Shawinigan — The words used by Jacques Savard to qualify the sound level meters business Vinacoustik during its testing in 2016 are obviously hard to digest for the Coalition against noise. Tuesday morning, Me Catherine Sylvestre was extensively cross-examined the witness to bring a different light about these devices.
Deputy director, acoustics and vibrations at SNC-Lavalin, Mr. Savard had begun her testimony in the course of the class action on April 18. At this time, it had described the equipment used by Vinacoustik of “sound level meters toys”, since they were neither certified nor calibrated for these measurements.

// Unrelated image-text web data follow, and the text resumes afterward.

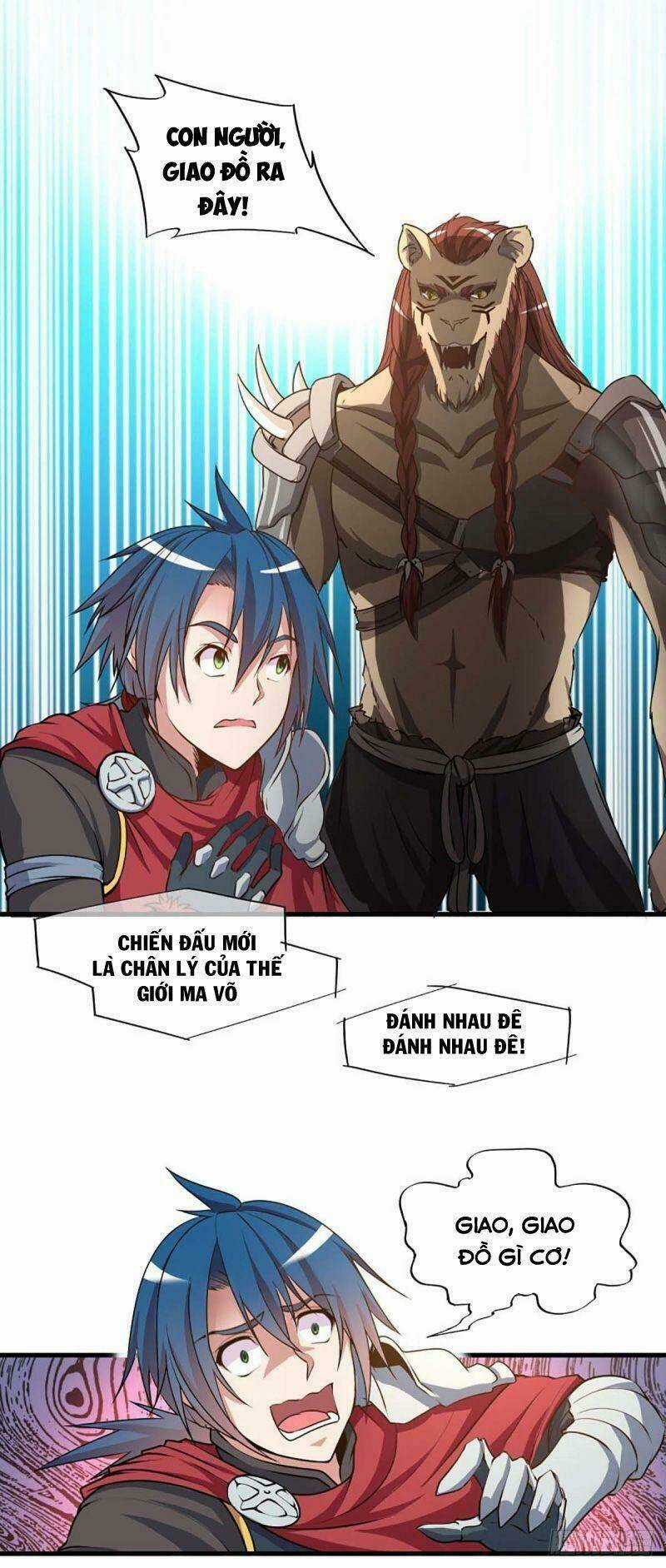 Ta Livestream Tại Dị Giới Chapter 5 trang 5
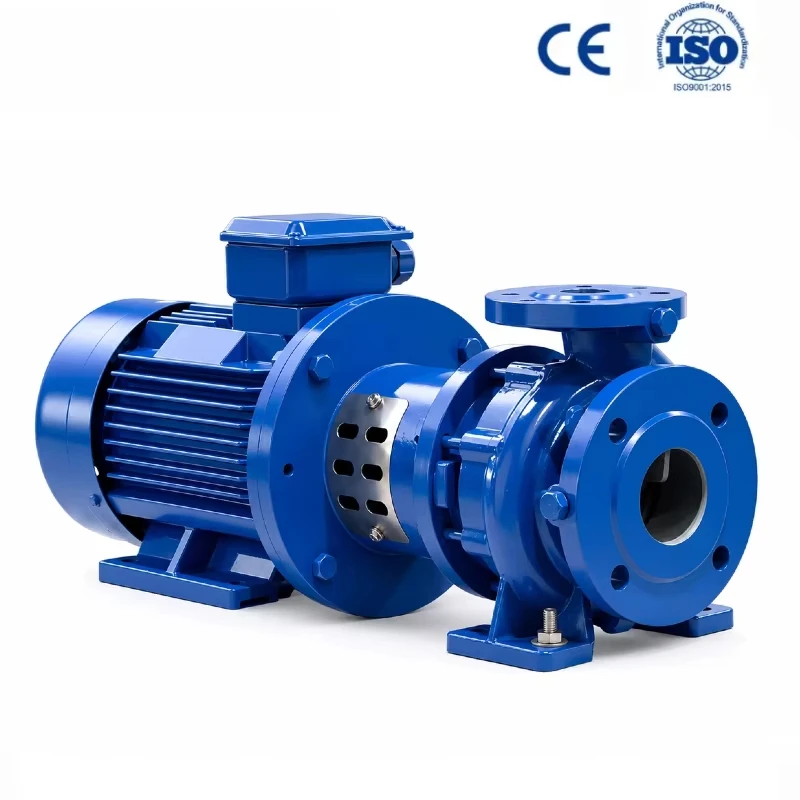 Competitive Price High Pressure Large Capacity Marine Industrial Stainless Steel Cast Iron Clean Close Coupled Centrifugal Pump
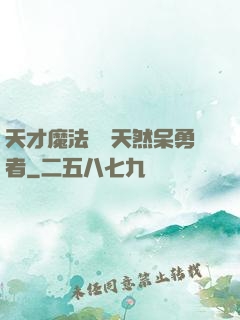 天才魔法師與天然呆勇者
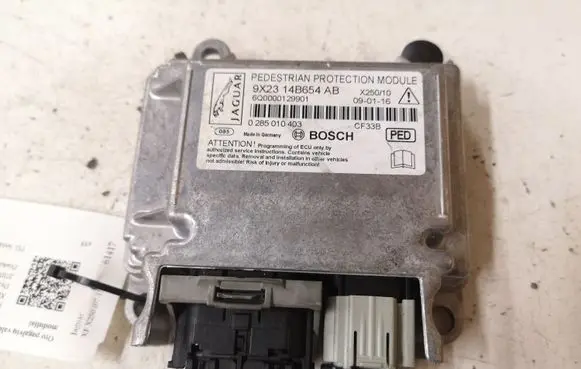 Jaguar XF X250 Airbag control unit/module 9X2314B654AB 6Q0000129901 0285010403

Martin even suggested to the judge Suzanne Ouellet not to take account of the results obtained with these devices.
To Me new year’s eve is, therefore, reversed this interpretation in the cross-examination. Mr. Savard has been refined a bit his analysis, but on the merits, his position has not changed. According to him, sound level meters, type Noise Sentry, can only make data of a surgical precision and users should take this into account.
The lawyer then held up five noise studies carried out across the world to demonstrate that the recognised organisations were using these devices. The research Institute of public health of the University of Montreal, the University of Basel in Switzerland, the national Institute of public health of Quebec, the federal Office for the environment of Switzerland and the Department of public health of the City of Toronto, have taken their measurements with the same sound level meters that Vinacoustik during their research.
“All of these studies must be set aside because they have used an instrument that lack of precision?”, asked Me new year’s eve.
“If you don’t need accuracy, if you don’t need numbers very, very specific, if you don’t have to meet legal standards… This type of sound level meter does not meet the standards of the ministry of Environment or the ministry of Transport”, says Mr. Savard. In the context of the dispute in the lake at the Tortoise, he believes it is important to know the degree of measurement uncertainty that is conveyed.
Me Myriam Brixi is returned to the interrogation to the defendant asking Mr. Savard how could you describe the noise on the lake at the Turtle. For him, there is nothing exceptional about this place compared to residences located in areas that are comparable, close to an airport, a railway or a highway.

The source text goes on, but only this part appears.